Jump to content

This is a read-only backup copy of Wikitech. The live site can be found at wikitech.wikimedia.org

Dumps/Airflow/Operations

From Wikitech

Making a change to the SQL/XML Dump DAGs

These DAGs are specific in the way they are defined: they are code-generated instead of being manually written. The reason for that is: we used to define all of the DAGs in a single python file, the parsing of which was taking about 2 minutes. Not only was it a hotspot in the DAG parsing phase, but it was also causing the DAGs to temporarily disappear while that parsing was occurring.

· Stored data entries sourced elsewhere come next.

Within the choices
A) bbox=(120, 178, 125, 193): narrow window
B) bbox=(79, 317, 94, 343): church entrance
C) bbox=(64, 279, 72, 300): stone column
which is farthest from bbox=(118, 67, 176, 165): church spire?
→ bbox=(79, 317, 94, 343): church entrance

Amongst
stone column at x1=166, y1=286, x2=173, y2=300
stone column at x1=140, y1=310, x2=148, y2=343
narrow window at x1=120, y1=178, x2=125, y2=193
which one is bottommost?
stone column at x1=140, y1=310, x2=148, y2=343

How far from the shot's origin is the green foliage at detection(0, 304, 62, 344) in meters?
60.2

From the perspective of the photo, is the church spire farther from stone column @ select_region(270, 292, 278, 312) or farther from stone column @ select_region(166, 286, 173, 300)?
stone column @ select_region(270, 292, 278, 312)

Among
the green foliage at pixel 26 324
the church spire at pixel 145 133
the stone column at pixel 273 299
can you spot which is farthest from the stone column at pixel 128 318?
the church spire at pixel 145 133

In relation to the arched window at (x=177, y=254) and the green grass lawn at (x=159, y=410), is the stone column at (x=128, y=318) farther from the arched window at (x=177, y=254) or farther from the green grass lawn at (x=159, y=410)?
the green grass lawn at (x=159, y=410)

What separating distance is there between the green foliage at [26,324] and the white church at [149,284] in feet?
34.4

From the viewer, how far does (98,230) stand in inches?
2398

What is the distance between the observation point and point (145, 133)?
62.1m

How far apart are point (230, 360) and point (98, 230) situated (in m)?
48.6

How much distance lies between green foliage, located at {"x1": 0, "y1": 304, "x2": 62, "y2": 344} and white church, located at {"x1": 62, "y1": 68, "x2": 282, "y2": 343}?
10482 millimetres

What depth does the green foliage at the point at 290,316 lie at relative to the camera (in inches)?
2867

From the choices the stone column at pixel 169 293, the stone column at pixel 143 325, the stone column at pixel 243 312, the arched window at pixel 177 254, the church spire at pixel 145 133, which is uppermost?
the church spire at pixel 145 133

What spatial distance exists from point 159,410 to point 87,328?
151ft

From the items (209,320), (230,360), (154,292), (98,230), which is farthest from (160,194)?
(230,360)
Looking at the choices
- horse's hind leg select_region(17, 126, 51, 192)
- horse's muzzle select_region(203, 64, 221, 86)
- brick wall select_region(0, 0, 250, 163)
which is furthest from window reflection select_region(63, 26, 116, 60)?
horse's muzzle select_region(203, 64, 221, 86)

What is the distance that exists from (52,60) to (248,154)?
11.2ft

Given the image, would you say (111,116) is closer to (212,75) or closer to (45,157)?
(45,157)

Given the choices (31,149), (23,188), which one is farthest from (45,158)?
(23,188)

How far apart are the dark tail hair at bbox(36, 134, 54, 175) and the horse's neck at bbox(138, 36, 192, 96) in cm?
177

To take full advantage of the DAG parsing parallelism (by default, we have twice as many DAG parsing workers as available CPUs in the scheduler pod), we decided to code-generate the XML/SQL dag files, each of these files only defining a single DAG.

This means that if you want to make a change to these DAGs, you need to make a change to the DAG template file and/or the code generation script , and regenerate the DAG files.

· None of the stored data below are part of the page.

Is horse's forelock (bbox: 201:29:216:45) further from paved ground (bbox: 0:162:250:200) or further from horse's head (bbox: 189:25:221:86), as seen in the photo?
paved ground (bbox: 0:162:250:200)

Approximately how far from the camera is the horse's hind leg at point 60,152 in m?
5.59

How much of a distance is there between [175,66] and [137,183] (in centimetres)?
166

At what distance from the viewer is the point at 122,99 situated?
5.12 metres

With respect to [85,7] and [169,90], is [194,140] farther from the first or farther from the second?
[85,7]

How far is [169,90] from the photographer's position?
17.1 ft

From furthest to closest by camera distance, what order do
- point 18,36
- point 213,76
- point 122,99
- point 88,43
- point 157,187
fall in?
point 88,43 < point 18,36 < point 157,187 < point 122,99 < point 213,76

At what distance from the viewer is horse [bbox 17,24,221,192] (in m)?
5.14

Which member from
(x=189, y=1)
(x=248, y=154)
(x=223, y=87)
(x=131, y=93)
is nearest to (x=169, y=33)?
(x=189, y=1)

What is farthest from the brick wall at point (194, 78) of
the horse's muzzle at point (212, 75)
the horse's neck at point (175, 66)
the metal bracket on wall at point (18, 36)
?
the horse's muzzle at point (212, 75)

  • The code generation script is in charge of defining the wikis in scope for each DAG, the DAG keyword arguments, the Airflow pool, etc, and renders each DAG file by injecting these parameters into the DAG file template
  • The DAG file template contains the actual DAG, with string template plaeholders for each of the parameters injected by the code generation script

For example, let's assume we'd like to remove the wip=True DAG keyword argument from each of these DAGs. To do this, we would remove it from the code generation file.

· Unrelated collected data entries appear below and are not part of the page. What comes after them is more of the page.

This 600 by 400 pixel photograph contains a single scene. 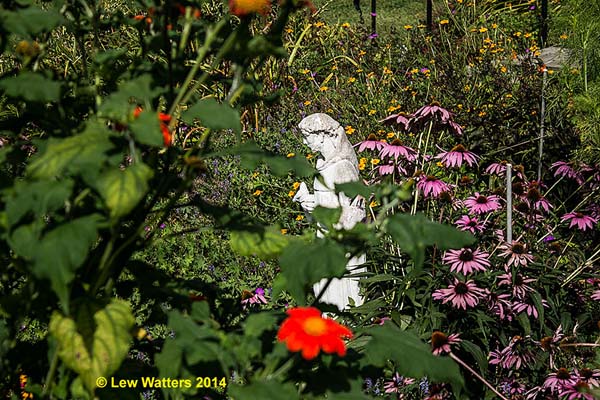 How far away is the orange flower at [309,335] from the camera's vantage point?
3.81 ft

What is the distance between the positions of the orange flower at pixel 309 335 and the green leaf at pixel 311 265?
0.03 m

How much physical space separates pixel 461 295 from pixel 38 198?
5.94 ft

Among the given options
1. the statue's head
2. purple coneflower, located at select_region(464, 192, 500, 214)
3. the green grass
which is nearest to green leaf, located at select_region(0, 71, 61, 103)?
purple coneflower, located at select_region(464, 192, 500, 214)

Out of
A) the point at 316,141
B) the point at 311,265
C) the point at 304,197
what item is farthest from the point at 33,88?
the point at 304,197

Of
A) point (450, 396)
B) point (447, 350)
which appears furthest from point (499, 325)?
point (447, 350)

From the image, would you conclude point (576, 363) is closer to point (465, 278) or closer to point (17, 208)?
point (465, 278)

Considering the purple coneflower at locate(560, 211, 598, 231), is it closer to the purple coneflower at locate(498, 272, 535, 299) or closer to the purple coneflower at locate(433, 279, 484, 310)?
the purple coneflower at locate(498, 272, 535, 299)

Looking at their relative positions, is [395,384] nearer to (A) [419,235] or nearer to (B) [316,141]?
(B) [316,141]

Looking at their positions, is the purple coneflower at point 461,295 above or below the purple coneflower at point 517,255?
Answer: below

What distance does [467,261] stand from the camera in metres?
2.70

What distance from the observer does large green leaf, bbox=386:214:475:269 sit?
1.16m

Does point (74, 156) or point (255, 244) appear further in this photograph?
point (255, 244)

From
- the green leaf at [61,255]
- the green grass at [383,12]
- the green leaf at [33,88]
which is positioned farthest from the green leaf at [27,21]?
the green grass at [383,12]

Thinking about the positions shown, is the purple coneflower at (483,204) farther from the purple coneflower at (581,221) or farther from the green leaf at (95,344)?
the green leaf at (95,344)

diff --git a/scripts/generate_test_k8s_sql_xml_dump_dags.py b/scripts/generate_test_k8s_sql_xml_dump_dags.py
index a3c28060..a152e8b9 100755
--- a/scripts/generate_test_k8s_sql_xml_dump_dags.py
+++ b/scripts/generate_test_k8s_sql_xml_dump_dags.py
@@ -104,7 +104,6 @@ common_dag_kwargs = {
     "default_args": {
         "email": DUMPS_ALERTS_RECIPIENT,
     },
-    "wip": True,
 }

 RegularSqlXmlDumps = Dumps(

We would then regenerate all DAG files, which will also call black and isort on the generated DAG files.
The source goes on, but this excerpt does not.